Pinterest (PINS -1.73%), which at one quarter during the pandemic grew revenue by over 100%, sees slowing growth ahead. The deceleration is to be expected. Pinterest thrived during lockdown phases of the pandemic when billions of folks were cooped up at home. That level of customer acquisition and engagement was unlikely to last long term.
As economies are reopening and people are spending less time at home, it's giving consumers fewer reasons to log onto Pinterest for inspiration. However, shareholders need not abandon the ship. Pinterest was growing revenue robustly even before the outbreak, so it would be reasonable to expect the slowdown will be short-lived.
Revenue growth is decelerating
After peaking at 125% in the second quarter of 2021, Pinterest's revenue growth has slowed for three straight quarters. In the third and fourth quarters of 2021, revenue increased by 43% and 20%, respectively, year over year. In Pinterest's Q1 2022, which ended March 31, revenue increased 18%. Management expects the trend to continue and has forecasted revenue growth of 11% in Q2. The deceleration can be attributed to several factors.
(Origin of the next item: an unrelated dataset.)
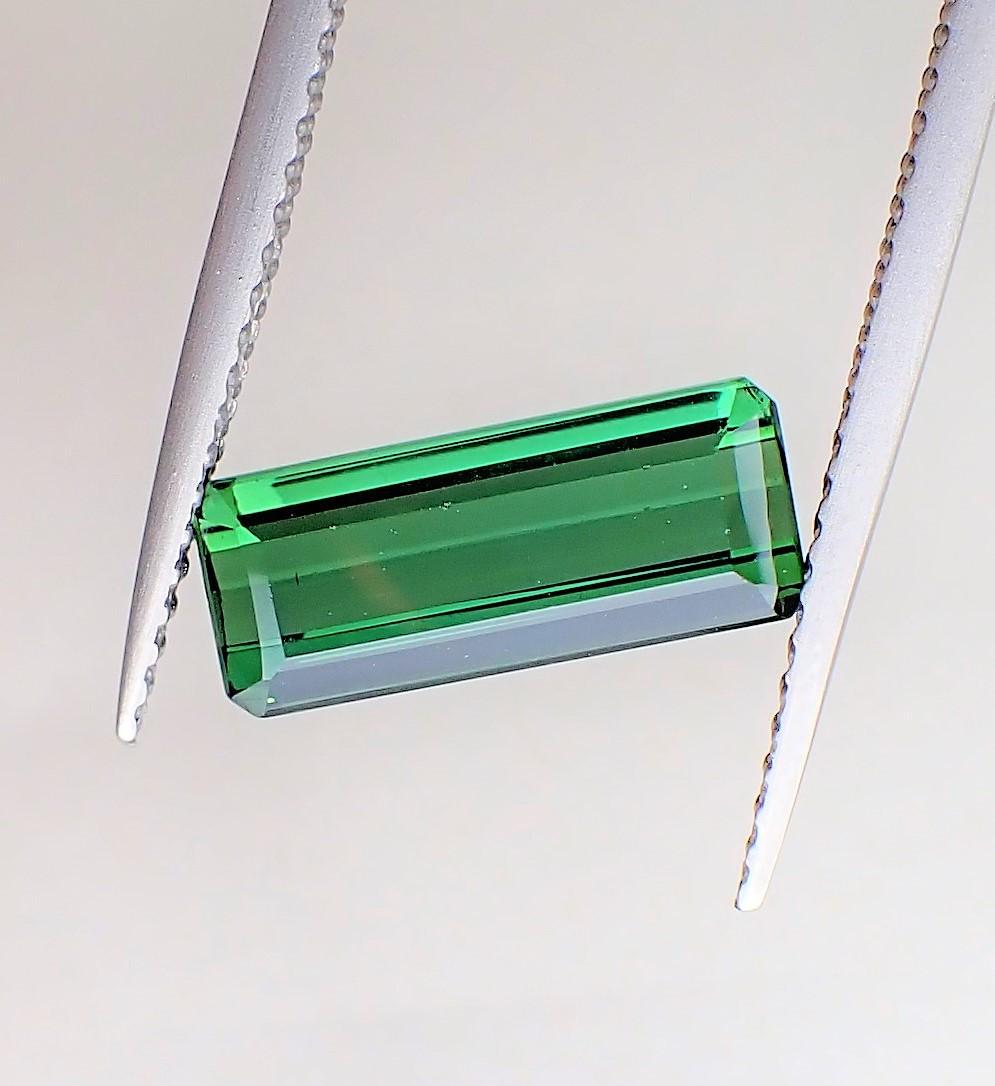Green Tourmaline - 2.20 ct: Title: Green Tourmaline - 2.20 ct Description: Natural Gemstone: Tourmaline Carat Weight: 2.20 ct Size/Dimensions: 11.80 x 4.70 x 3.40 mm Additional Information: Natural Green Tourmaline faceted recta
It's important to note that Pinterest makes its money primarily through ad revenue. The coronavirus pandemic is causing supply chain shortages worldwide, decreasing marketing demand. Why advertise when you are organically selling out of inventory? That trend will likely persist for at least a few more quarters as supply chains get back on track.
Additionally, Pinterest has shed 55 million monthly active users (MAU) since its peak user total of 478 million in Q1 2021. Marketers pay for the opportunity to influence decisions. The fewer individuals they can reach, the less they are willing to pay. Therefore, Pinterest's loss of MAU can explain some of the revenue growth deceleration.
Similarly, marketers are willing to pay a premium to influence individuals with greater purchasing power. Another troubling trend for Pinterest is that the mix of users has shifted toward regions with lower incomes. Of the 55 million MAU it has shed, 31 million were from the U.S., Canada, and Europe, areas more highly targeted by marketers.
Finally, the Russian invasion of Ukraine is creating uncertainty for small and large businesses alike. As typically happens during uncertainty, companies reduce advertising until they get a clearer picture of the economic outlook.
Worries over slowing growth have made Pinterest stock a bargain
Nevertheless, in the two years of 2018 and 2019, before the outbreak, Pinterest boosted revenue by 60% and 51%. The coronavirus pandemic was a significant disruption to businesses worldwide. Understandably, there will be gyrations in advertiser demand as world economies calibrate into equilibrium as the pandemic evolves. The decelerating revenue growth for Pinterest during this backdrop is no need for shareholders to panic and sell the stock.